Goal of the exercise |
Work through the listing below and give again exactly the lines from the one with "Haut de Survêtement" to the one with "Zimmermann Acacia Denim", both ends included. All other lines and all pictures stay out.

Dataset records START

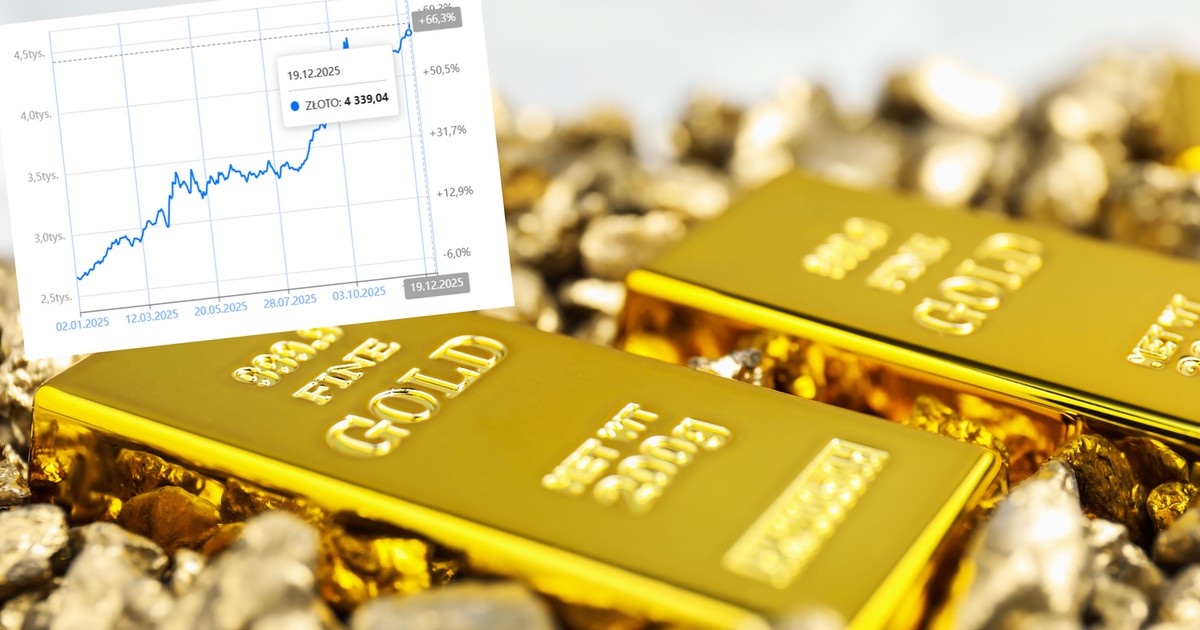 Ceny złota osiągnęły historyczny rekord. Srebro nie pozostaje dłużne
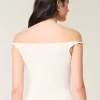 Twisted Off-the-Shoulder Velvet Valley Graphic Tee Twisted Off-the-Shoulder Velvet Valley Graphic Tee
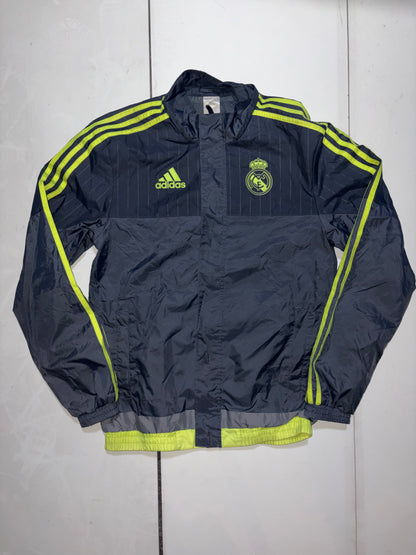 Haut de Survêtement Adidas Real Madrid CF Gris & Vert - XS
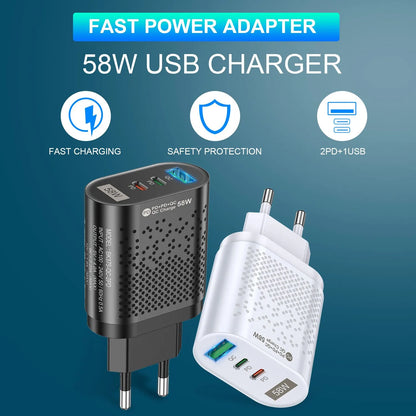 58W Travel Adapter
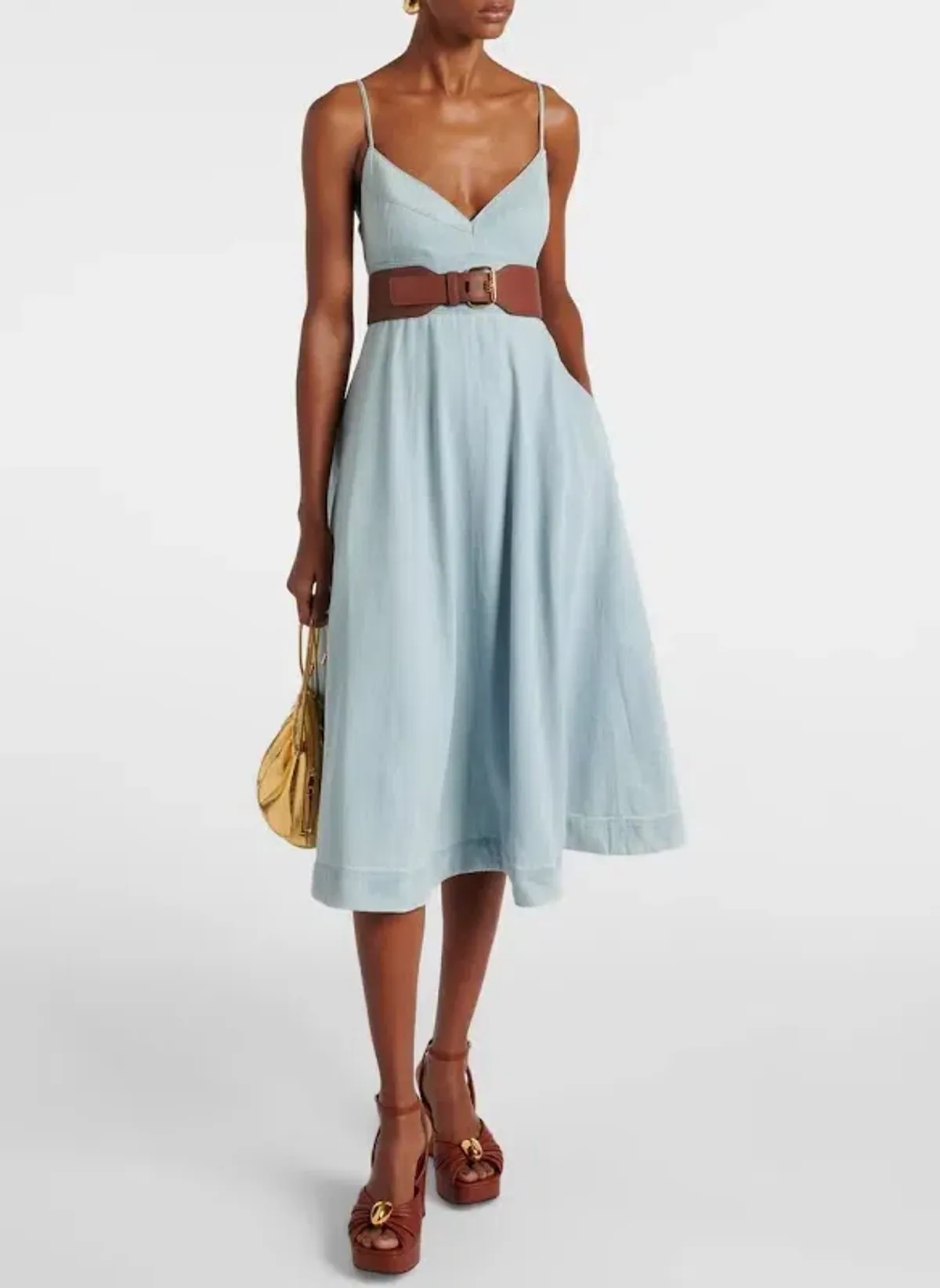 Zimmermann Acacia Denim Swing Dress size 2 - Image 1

Dataset records END
Dataset records START

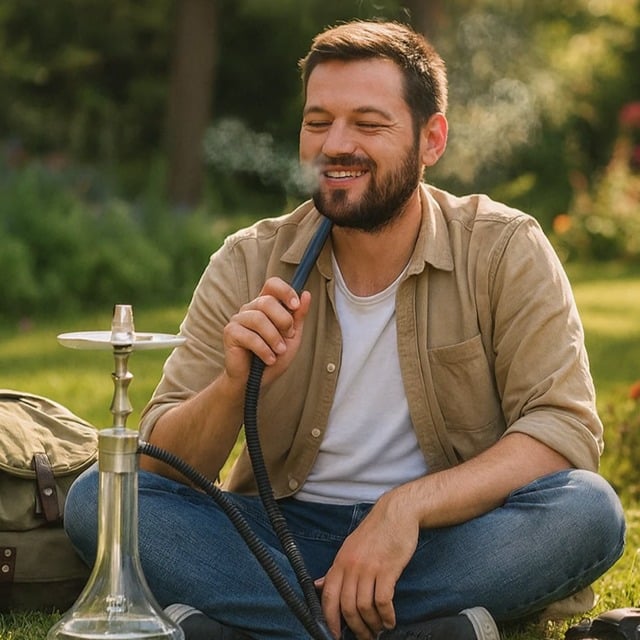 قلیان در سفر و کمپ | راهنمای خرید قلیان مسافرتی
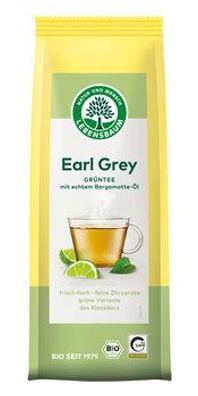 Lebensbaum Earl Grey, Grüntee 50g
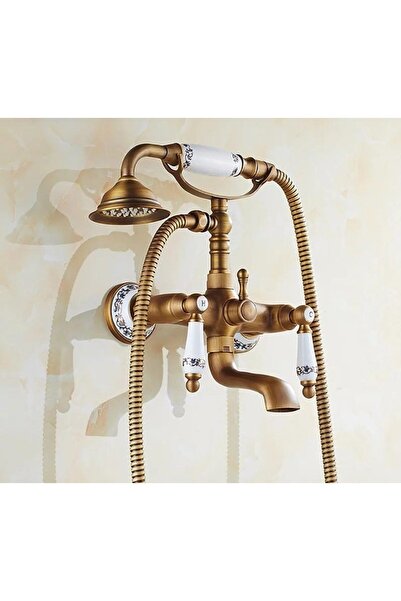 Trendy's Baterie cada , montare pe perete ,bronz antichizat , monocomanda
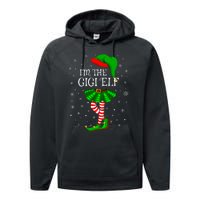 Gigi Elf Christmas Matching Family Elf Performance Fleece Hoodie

Dataset records END
Dataset records START

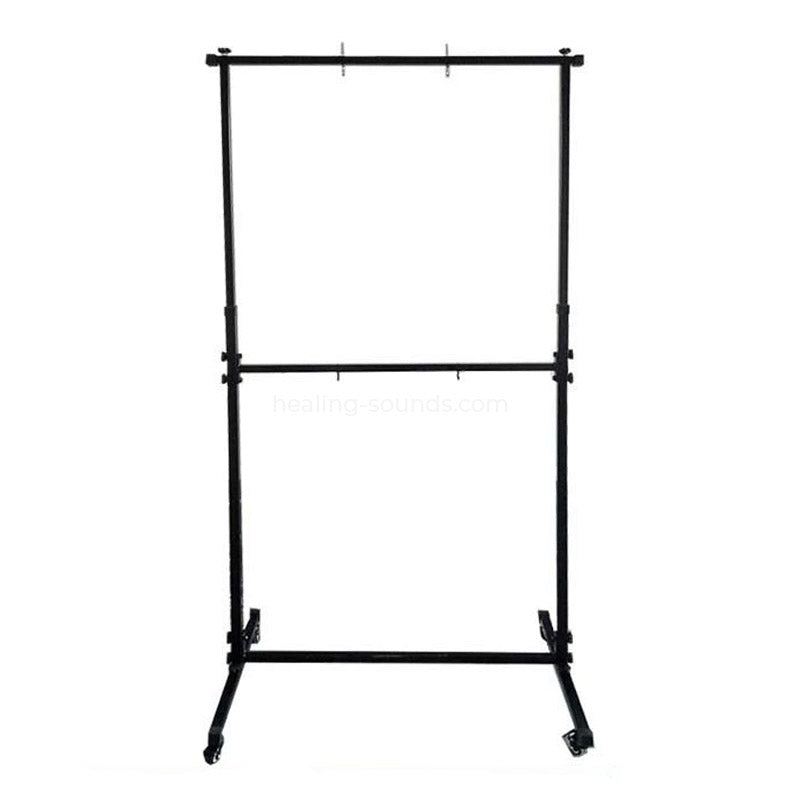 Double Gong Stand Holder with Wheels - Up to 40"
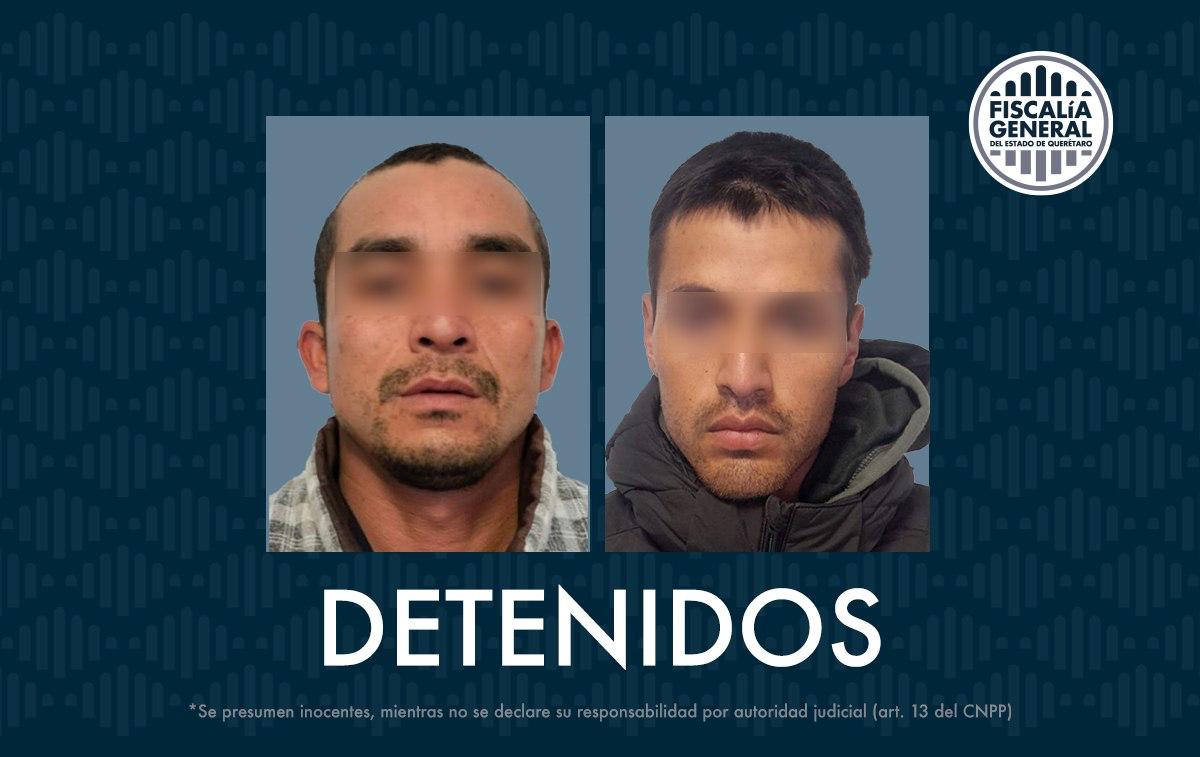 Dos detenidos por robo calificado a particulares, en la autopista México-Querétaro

Dataset records END

Problem solution |
 Haut de Survêtement Adidas Real Madrid CF Gris & Vert - XS
 58W Travel Adapter
 Zimmermann Acacia Denim Swing Dress size 2 - Image 1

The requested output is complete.